Raw data =>
Start of Block

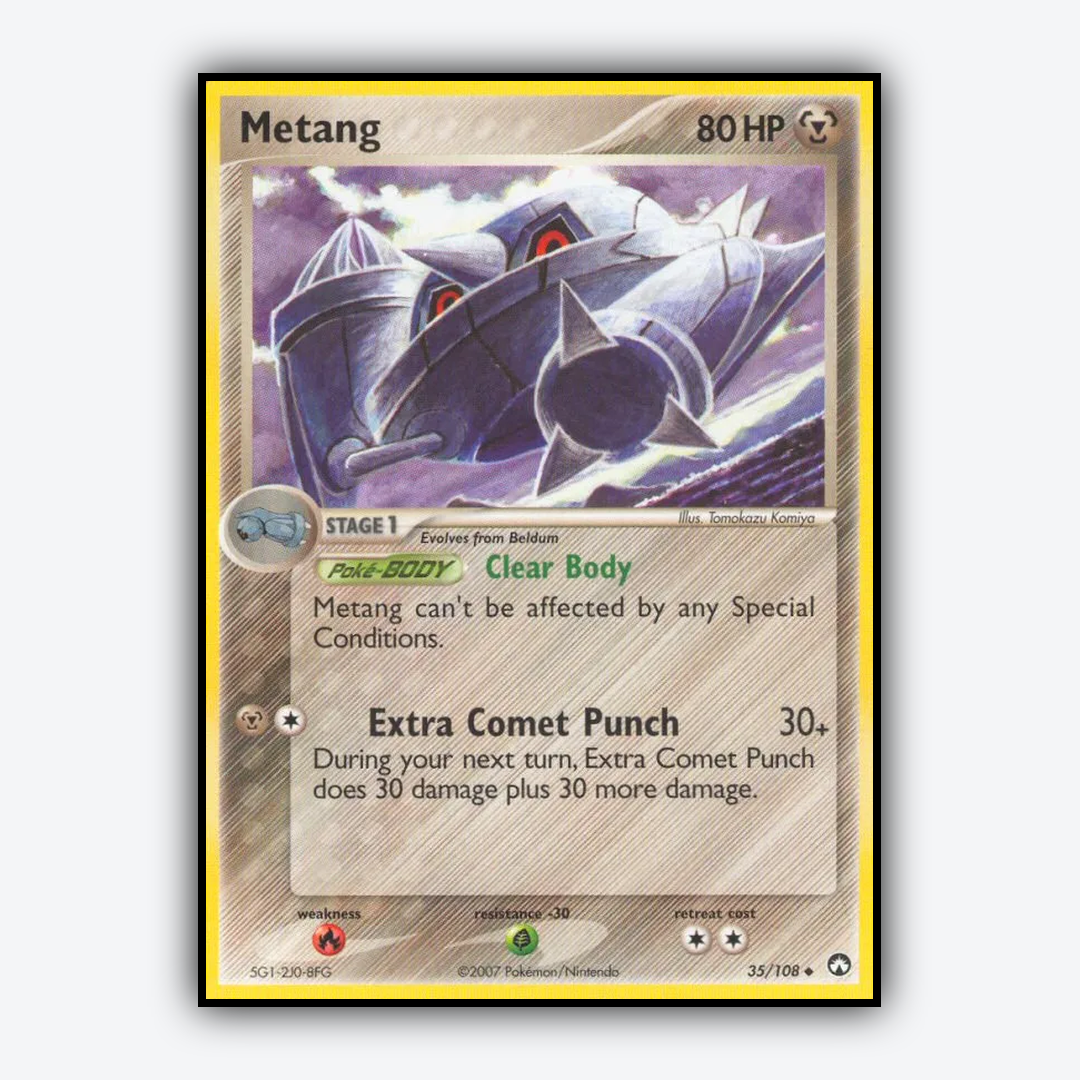 Metang 035/108 - Power Keepers Set - Card Rug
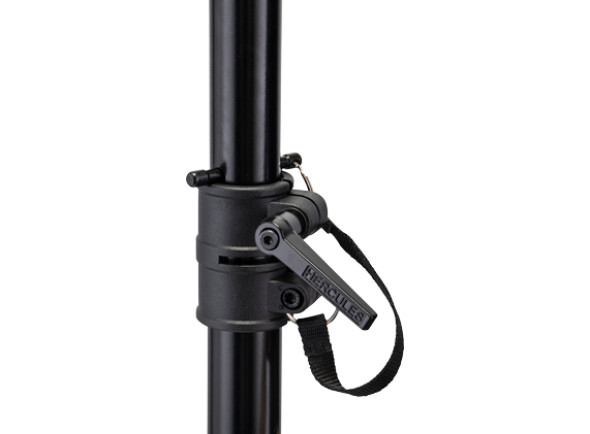 Hercules Stands Adjustable Sub Pole With M20 Hybrid Adaptor 2-Pack SS350BB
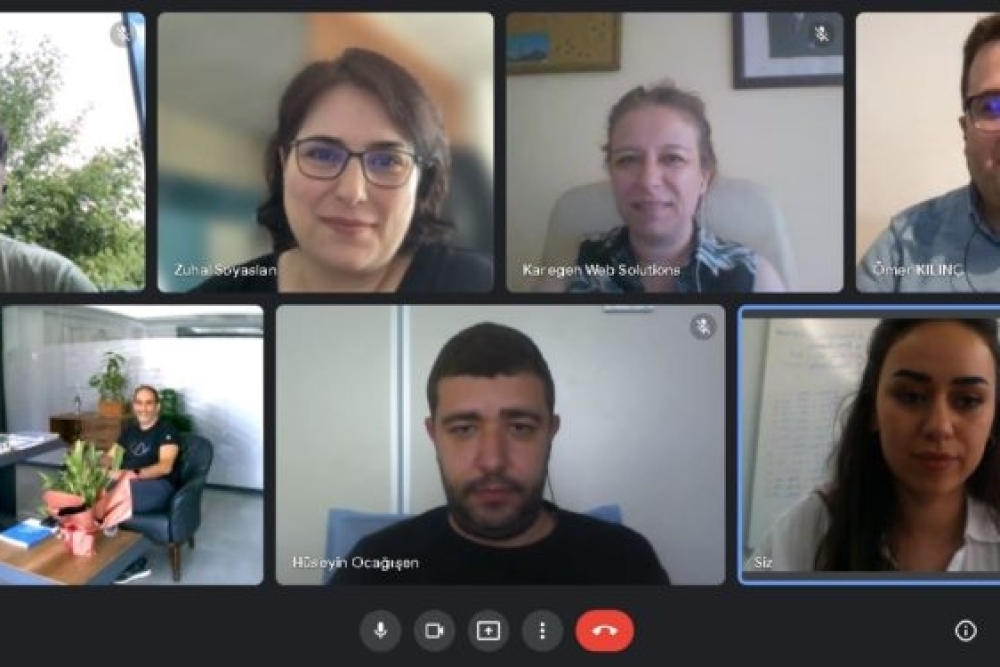 Aylık Yönetim Kurulu Toplantımızı Gerçekleştirdik.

End of Block

Work item => All pictures should be dropped; the lines from the one containing "Hercules Stands Adjustable" through the last line of the material are to be set down exactly.

Written solution =>
 Hercules Stands Adjustable Sub Pole With M20 Hybrid Adaptor 2-Pack SS350BB
 Aylık Yönetim Kurulu Toplantımızı Gerçekleştirdik.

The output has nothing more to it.